About this exercise
Everything in the listing below except the pictures should be reproduced exactly.

Extracted material
=-=-=
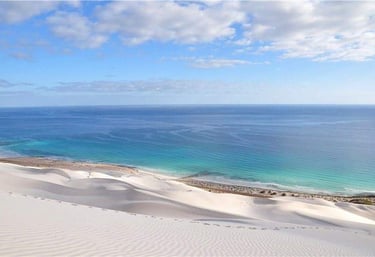 Socotra guide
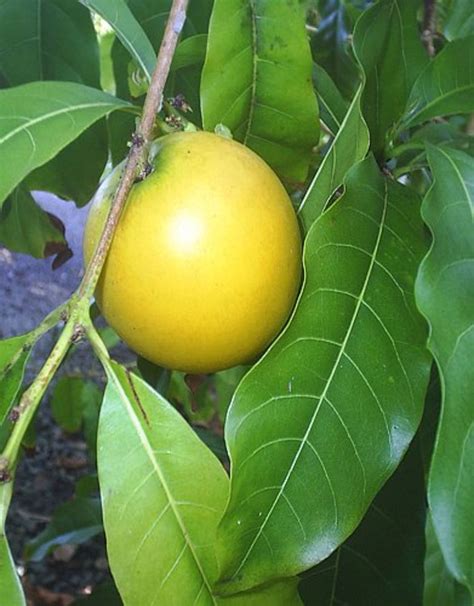 The taste of fruit resembles one of chrysophyllum cainito. Tropical Taste of Hawaii: The Amazing Abiu | Dengarden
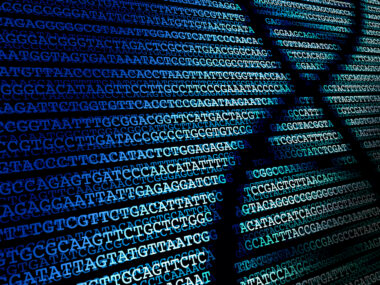 Lupus risk discovery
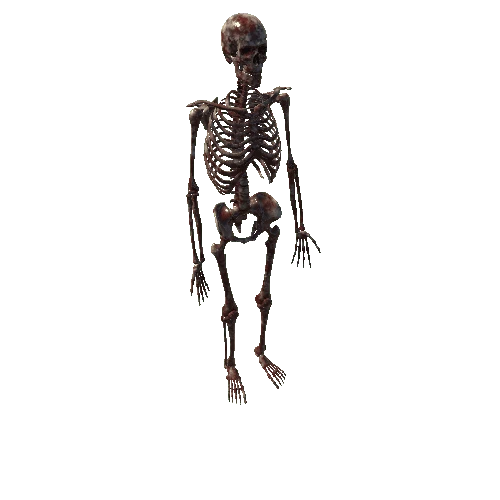 Standard_Bloody_Skeleton_Static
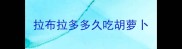拉布拉多多久吃胡萝卜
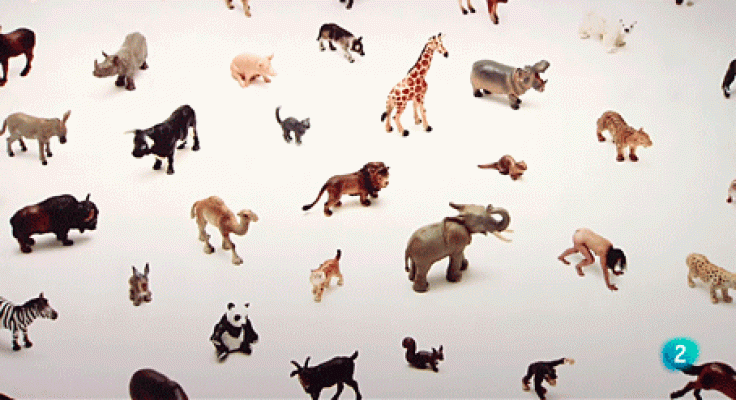 La aventura del Saber - Un momento atemporal. 35 años del INJUVE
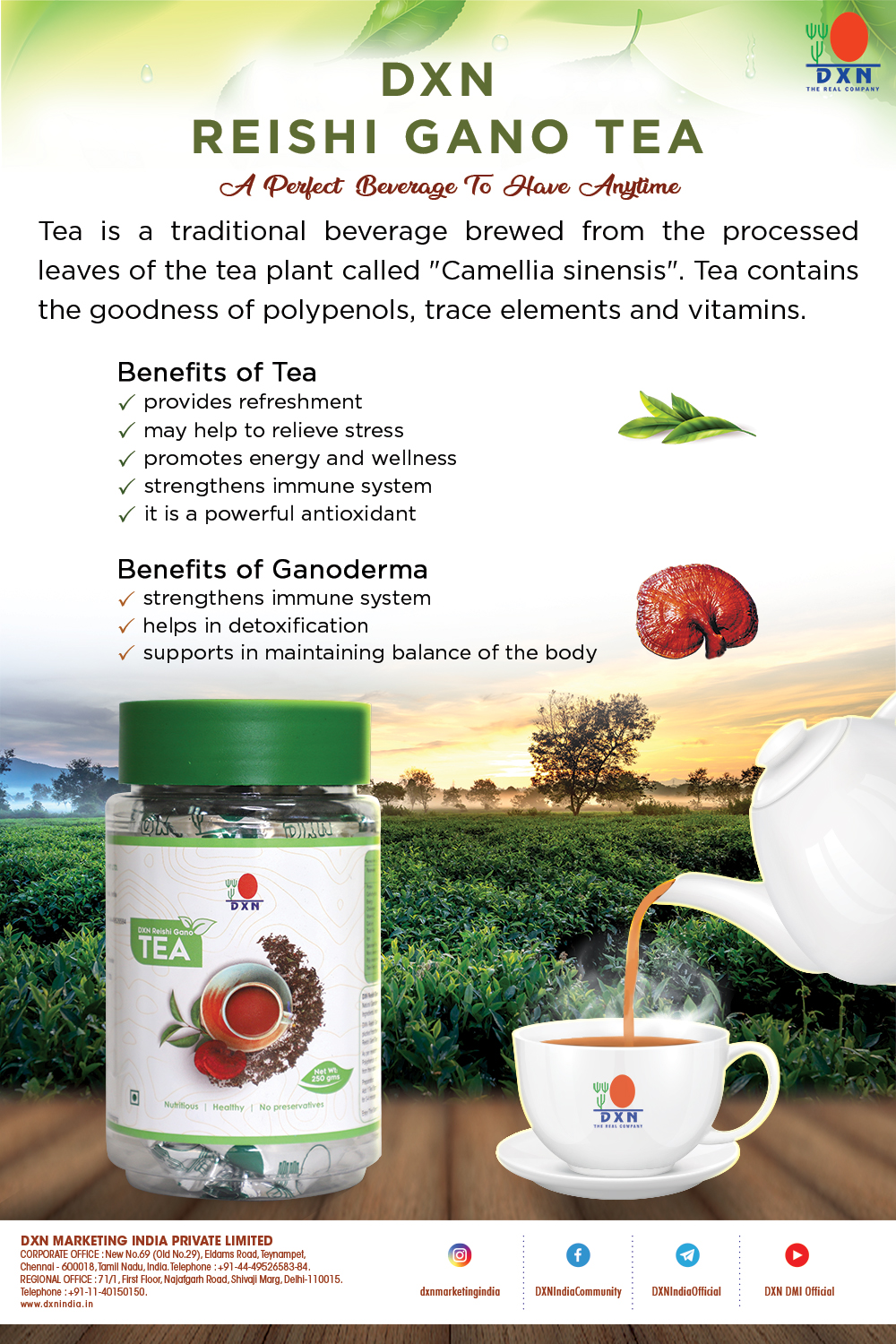 DXN Reishi Gano Tea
=-=-=
Reply to the task
 Socotra guide
 The taste of fruit resembles one of chrysophyllum cainito. Tropical Taste of Hawaii: The Amazing Abiu | Dengarden
 Lupus risk discovery
 Standard_Bloody_Skeleton_Static
拉布拉多多久吃胡萝卜
 La aventura del Saber - Un momento atemporal. 35 años del INJUVE
 DXN Reishi Gano Tea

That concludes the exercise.